◆ What the task requires
Copy every line below where the string "Sport" is found.

-- Opening Marker --

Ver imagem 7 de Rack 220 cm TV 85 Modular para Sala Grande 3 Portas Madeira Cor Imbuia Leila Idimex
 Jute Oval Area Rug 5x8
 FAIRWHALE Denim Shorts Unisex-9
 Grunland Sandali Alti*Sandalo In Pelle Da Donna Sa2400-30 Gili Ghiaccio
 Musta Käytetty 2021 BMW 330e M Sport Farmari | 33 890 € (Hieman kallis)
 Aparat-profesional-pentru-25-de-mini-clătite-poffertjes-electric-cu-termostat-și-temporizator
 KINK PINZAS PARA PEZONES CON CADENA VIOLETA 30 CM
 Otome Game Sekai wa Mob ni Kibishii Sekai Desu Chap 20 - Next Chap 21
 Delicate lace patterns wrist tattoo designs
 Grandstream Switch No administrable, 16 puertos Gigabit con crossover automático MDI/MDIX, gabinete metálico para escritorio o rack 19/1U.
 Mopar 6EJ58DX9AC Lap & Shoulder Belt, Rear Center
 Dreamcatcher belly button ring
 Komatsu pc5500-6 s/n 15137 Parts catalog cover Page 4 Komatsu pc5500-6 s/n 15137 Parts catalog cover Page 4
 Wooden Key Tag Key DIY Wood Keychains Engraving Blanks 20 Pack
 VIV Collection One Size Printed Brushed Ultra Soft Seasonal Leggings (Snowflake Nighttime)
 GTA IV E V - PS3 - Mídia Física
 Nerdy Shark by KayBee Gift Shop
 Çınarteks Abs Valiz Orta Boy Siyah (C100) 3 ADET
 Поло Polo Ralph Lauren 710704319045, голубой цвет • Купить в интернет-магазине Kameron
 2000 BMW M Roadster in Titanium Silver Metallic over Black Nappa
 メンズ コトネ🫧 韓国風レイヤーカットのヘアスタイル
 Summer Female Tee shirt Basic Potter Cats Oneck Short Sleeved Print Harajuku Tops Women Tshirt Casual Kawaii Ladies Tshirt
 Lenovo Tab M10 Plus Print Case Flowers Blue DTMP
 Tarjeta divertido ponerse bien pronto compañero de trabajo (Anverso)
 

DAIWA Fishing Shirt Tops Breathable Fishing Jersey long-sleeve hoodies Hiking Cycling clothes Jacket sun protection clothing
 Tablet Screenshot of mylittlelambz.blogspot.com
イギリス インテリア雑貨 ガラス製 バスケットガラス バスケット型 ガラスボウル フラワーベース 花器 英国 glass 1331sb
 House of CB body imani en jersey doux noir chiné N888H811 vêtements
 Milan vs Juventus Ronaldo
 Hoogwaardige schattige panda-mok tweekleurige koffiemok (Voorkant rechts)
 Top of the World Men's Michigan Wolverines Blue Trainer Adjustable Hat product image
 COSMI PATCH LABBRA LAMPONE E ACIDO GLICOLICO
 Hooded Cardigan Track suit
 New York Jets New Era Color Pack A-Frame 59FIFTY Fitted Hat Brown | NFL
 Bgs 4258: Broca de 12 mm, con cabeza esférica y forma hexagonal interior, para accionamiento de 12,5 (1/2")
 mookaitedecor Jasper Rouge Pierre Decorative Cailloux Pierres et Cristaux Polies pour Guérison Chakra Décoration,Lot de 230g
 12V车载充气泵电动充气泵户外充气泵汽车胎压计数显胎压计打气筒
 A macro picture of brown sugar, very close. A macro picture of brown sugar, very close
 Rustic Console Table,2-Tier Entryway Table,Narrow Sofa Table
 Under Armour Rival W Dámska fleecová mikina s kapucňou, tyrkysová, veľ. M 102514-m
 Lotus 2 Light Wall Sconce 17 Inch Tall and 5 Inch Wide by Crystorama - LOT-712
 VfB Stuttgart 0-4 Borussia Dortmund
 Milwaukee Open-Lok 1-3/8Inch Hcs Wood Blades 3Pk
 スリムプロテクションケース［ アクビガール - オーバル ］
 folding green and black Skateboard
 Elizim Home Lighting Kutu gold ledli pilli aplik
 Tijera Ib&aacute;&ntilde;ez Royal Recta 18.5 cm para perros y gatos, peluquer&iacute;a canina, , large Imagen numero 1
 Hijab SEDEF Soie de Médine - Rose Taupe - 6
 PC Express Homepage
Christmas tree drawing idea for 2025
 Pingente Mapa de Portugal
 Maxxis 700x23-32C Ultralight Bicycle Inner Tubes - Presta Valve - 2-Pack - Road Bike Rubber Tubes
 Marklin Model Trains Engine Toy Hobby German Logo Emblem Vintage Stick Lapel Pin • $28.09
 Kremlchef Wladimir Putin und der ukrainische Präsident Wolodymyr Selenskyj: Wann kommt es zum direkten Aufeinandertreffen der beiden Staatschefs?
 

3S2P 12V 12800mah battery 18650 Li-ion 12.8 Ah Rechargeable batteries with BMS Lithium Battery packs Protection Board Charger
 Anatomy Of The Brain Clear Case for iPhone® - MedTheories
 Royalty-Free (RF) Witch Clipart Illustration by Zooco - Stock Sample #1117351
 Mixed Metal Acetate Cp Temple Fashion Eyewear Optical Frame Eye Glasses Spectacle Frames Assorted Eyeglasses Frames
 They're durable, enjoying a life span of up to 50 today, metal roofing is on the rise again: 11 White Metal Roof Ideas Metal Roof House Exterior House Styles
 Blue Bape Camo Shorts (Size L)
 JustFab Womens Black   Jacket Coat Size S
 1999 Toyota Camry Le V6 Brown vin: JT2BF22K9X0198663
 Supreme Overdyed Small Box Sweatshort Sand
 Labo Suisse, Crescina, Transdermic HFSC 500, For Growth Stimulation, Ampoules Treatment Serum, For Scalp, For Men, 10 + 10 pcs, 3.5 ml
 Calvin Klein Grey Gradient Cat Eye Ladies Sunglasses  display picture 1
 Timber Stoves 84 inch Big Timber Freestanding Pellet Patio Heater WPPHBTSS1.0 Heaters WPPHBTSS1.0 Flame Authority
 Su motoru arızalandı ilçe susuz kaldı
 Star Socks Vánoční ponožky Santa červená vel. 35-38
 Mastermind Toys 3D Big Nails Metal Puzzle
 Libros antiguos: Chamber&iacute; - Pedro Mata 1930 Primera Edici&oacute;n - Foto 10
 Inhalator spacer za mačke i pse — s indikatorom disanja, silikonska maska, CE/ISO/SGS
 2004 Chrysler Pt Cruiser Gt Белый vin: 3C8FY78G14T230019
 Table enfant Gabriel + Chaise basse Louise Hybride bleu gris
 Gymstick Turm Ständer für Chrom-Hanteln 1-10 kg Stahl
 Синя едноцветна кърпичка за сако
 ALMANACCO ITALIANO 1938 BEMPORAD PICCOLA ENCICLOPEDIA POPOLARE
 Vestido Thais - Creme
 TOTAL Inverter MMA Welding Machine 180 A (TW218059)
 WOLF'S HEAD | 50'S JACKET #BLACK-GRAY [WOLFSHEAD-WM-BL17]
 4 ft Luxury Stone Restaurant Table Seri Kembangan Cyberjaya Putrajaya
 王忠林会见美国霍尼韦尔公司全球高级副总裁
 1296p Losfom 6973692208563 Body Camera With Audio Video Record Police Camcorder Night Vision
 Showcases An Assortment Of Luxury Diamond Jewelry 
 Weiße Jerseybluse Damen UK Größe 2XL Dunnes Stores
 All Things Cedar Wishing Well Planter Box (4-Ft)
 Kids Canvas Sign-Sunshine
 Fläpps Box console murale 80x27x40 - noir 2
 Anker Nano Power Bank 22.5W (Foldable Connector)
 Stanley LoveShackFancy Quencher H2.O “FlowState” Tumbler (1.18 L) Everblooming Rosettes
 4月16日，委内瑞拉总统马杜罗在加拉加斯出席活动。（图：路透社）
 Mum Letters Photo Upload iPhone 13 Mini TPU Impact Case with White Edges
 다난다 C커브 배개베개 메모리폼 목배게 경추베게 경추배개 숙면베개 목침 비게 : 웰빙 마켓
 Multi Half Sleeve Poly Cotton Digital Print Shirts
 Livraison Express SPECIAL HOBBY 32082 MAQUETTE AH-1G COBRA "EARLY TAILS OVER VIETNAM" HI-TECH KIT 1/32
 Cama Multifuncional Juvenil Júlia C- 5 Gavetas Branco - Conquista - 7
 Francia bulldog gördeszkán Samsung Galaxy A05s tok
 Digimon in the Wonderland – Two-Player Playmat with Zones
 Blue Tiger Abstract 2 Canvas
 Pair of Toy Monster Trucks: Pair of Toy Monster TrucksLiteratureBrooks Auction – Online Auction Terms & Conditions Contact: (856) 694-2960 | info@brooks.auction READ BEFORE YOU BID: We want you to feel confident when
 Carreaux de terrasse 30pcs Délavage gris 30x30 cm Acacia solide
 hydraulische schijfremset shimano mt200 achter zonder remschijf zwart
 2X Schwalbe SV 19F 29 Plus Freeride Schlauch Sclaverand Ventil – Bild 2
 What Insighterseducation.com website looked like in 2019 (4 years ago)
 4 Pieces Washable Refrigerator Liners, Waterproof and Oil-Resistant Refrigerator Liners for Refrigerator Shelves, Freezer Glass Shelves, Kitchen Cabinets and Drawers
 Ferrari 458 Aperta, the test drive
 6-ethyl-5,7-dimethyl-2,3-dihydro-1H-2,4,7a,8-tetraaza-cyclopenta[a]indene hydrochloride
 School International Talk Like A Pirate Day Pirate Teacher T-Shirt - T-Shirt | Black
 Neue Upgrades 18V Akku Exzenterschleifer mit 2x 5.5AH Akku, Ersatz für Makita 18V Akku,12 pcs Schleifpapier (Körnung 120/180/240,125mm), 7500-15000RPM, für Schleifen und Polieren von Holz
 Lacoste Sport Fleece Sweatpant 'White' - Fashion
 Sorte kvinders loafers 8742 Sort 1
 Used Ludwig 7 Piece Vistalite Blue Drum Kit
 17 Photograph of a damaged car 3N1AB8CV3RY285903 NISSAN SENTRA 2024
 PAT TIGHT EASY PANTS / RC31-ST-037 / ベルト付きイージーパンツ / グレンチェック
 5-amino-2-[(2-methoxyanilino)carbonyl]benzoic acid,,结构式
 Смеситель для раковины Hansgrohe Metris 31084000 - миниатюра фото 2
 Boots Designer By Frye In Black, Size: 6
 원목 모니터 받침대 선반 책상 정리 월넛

-- Closing Marker --

◆ Finished task
 Musta Käytetty 2021 BMW 330e M Sport Farmari | 33 890 € (Hieman kallis)
 Lacoste Sport Fleece Sweatpant 'White' - Fashion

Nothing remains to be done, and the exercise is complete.